- President: Rachelle Smook
- Secretary General: Johan Edward
- Treasurer: Merel Warmerdam
- Founded: 3 March 1984; 41 years ago
- Headquarters: Lange Houtstraat 11, The Hague
- Ideology: Social liberalism
- Mother party: Democrats 66
- International affiliation: International Federation of Liberal Youth (IFLRY)
- European affiliation: European Liberal Youth (LYMEC)
- Website: www.jongedemocraten.nl

= Young Democrats (Netherlands) =

Youth wing

The Young Democrats (Jonge Democraten; JD) is a social-liberal youth organisation in the Netherlands, founded in 1984. Although independent, it is affiliated with the social-liberal Democrats 66 party. With over 5,000 members, it is the largest political youth organisation of the Netherlands.

==Principles==
According to its Declaration of Principles, the Young Democrats are a liberal-democratic youth organisation. Its main objective is to contribute to the individual development of every person. Core values of the Young Democrats are liberty, equality, solidarity, sustainability and pragmatism. The JD is also in favour of the radical democratisation of society.

==Policies==
- The Young Democrats advocate preparing the Netherlands for the consequences of an ageing society. They suggest increasing labour participation by reforming social security. JD is in favour of gradually raising the retirement age to 67 years from the current age of 65.
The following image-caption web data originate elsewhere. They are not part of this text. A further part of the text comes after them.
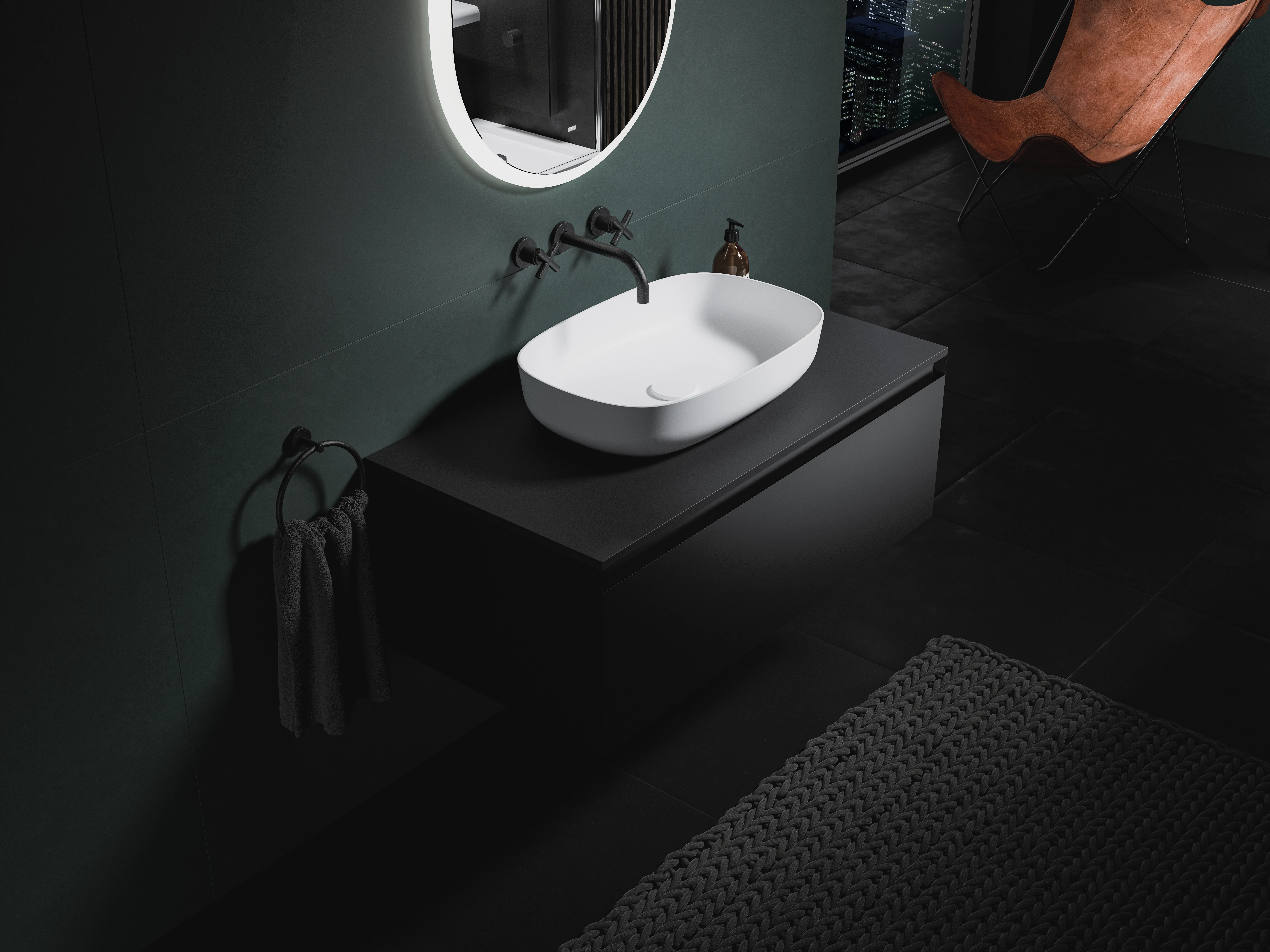 repaBAD Aufsatzwaschtisch „Milano“ 420 × 300 × 125 mm repaBAD Aufsatzwaschtisch „Milano“ 420 × 300 × 125 mm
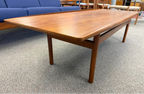 1960s Danish Teak Coffee Table Designed by Grete Jalk for Poul Jeppesen Denmark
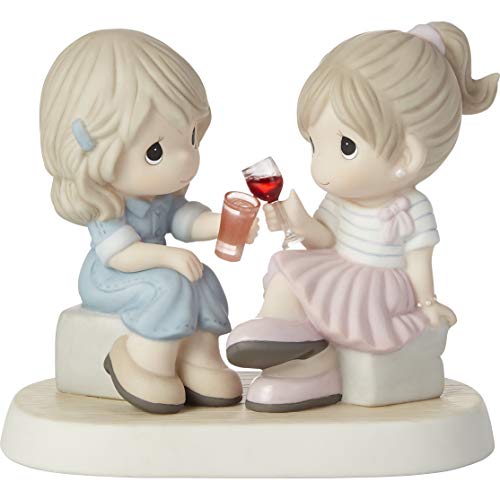 Precious Moments 202014 Porzellanfigur Here's to A Lifetime of Friendship Figur, Porzellan, Mehrfarbig, One Size von Precious Moments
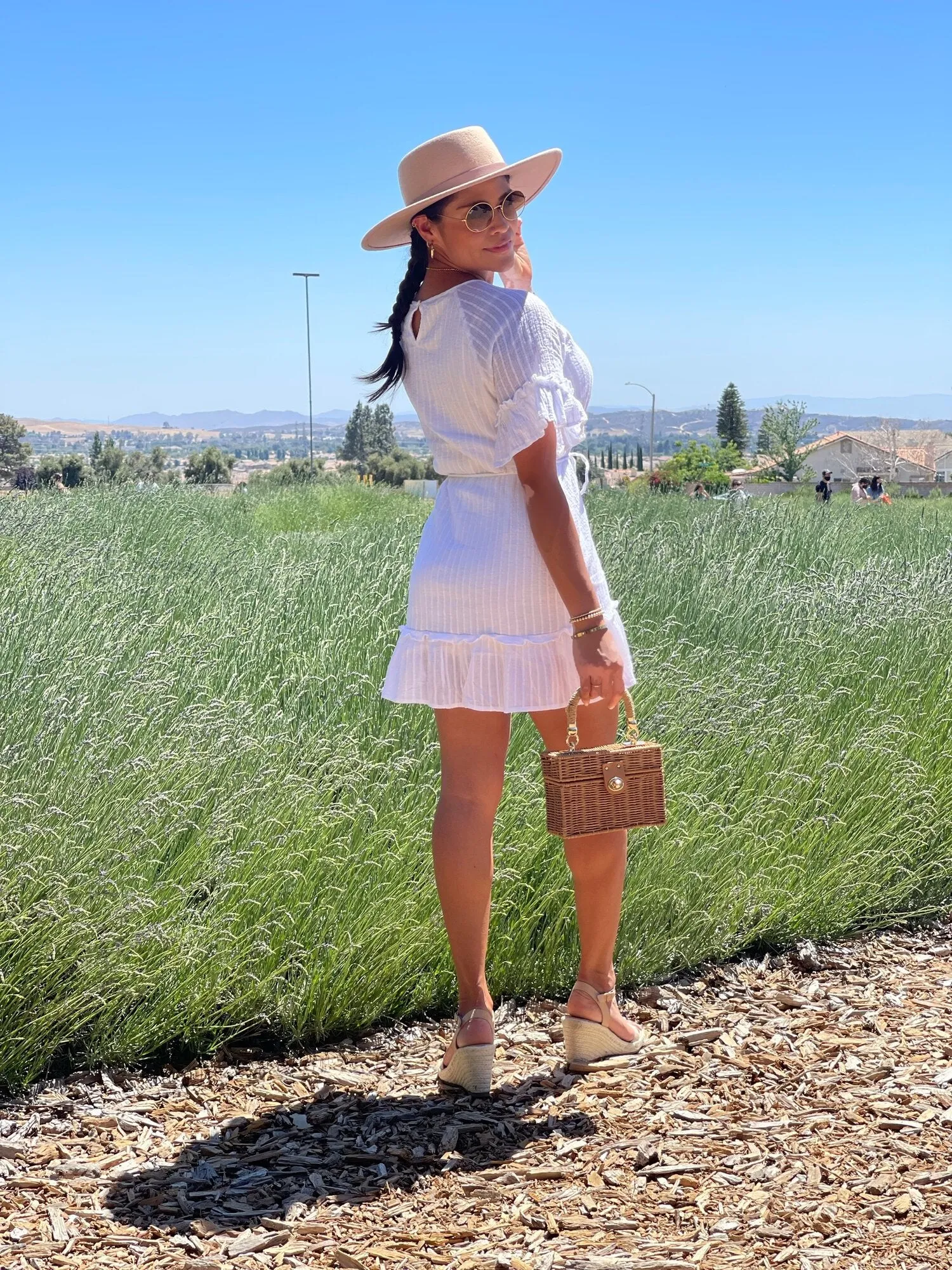 Mi Nena Tiered Dress with Waist tie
Young Democrat (r) and MEP Sophie in 't Veld (formerly affiliated with D66) campaigning in favour of the European Constitution

- The Young Democrats are in favour of ending the right of faith-based schools to refuse enrolment by pupils on the basis of religion.
- The Young Democrats are supporters of gradually phasing out tax breaks for home owners paying interest on a mortgage.
- The Young Democrats are staunch defenders of civil liberties. They continue to support liberal reforms attained by D66 in the past in eras such as euthanasia, gay marriage, abortion and the legalisation of sex work. The JD also wishes to see the production of softdrugs legalised.
- The Young Democrats oppose counter-terrorism measures that are neither proportional nor have proven effective. In particular, JD opposes current legislation obliging citizens to be able to prove their identity at any time. JD rejects a ban on the wearing of the burqa in public spaces.
- The Young Democrats are in favour of more direct democracy in the form of referendums and direct elections for the offices of Prime Minister and mayor.
- The Young Democrats are in favour of more investment in renewable energy sources and fully support the Kyoto Protocol. The JD is not opposed to nuclear energy, as it contributes to cutting greenhouse gas emissions.
- The Young Democrats are European federalists and wish to see more European cooperation on immigration, defence and foreign policy.
- The Young Democrats are strong supporters of international law and human rights.

==Organisation==
Within the Young Democrats power lies with the members. The Congress is the sovereign body of the Young Democrats and meets three times a year. During the Congress members of the National Board are elected individually and JD policy is decided through resolutions, amendments and motions. All members have equal say through the one man, one vote system.

===National Board===
The day-to-day management of the Young Democrats is in the hands of the National Board, the members of which are:
- President: Rachelle Smook
- Secretary-General: Johan Edward
- Treasurer: Merel Warmerdam
- Political Officer: Rune Oomen
- Organisation Officer: Shaniqua Monsels
- Internal Affairs Officer: Douwe Brandenburg
- External Affairs Officer: Yarnick Pander

===Local branches===
Currently, the Young Democrats have eight local branches, most of which are based in university cities, such as Amsterdam, Utrecht, Rotterdam and Leiden. Every branch has a local board and organises regular general meetings where local board members are elected and policy is decided. Every local member has the right to vote at the local general meetings.
The local branches are:
- Amsterdam, for the province of North Holland and the Flevopolder
- Leiden-Haaglanden, for Leiden, The Hague and Delft
- Rotterdam, for the southern part of the province of South Holland and the province of Zeeland
- Brabant, for the province of North Brabant
- Limburg, for the province of Limburg
- Arnhem-Nijmegen, for the provinces of Gelderland and Overijssel
- Utrecht, for the province of Utrecht
- Groningen-Drenthe, for the provinces of Groningen and Drenthe
- Fryslân, for the province of Friesland

==International ties==
The Young Democrats of the Netherlands, similarly to the Youth Organisation Freedom and Democracy (JOVD), are members of both the European Liberal Youth (LYMEC) and the International Federation of Liberal Youth (IFLRY).
Young Democrat Bart Woord was the president of the IFLRY Bureau from November 2009 to November 2010.
Furthermore, there exist close bilateral ties with the German, Belgian, British and Tunisian young liberals.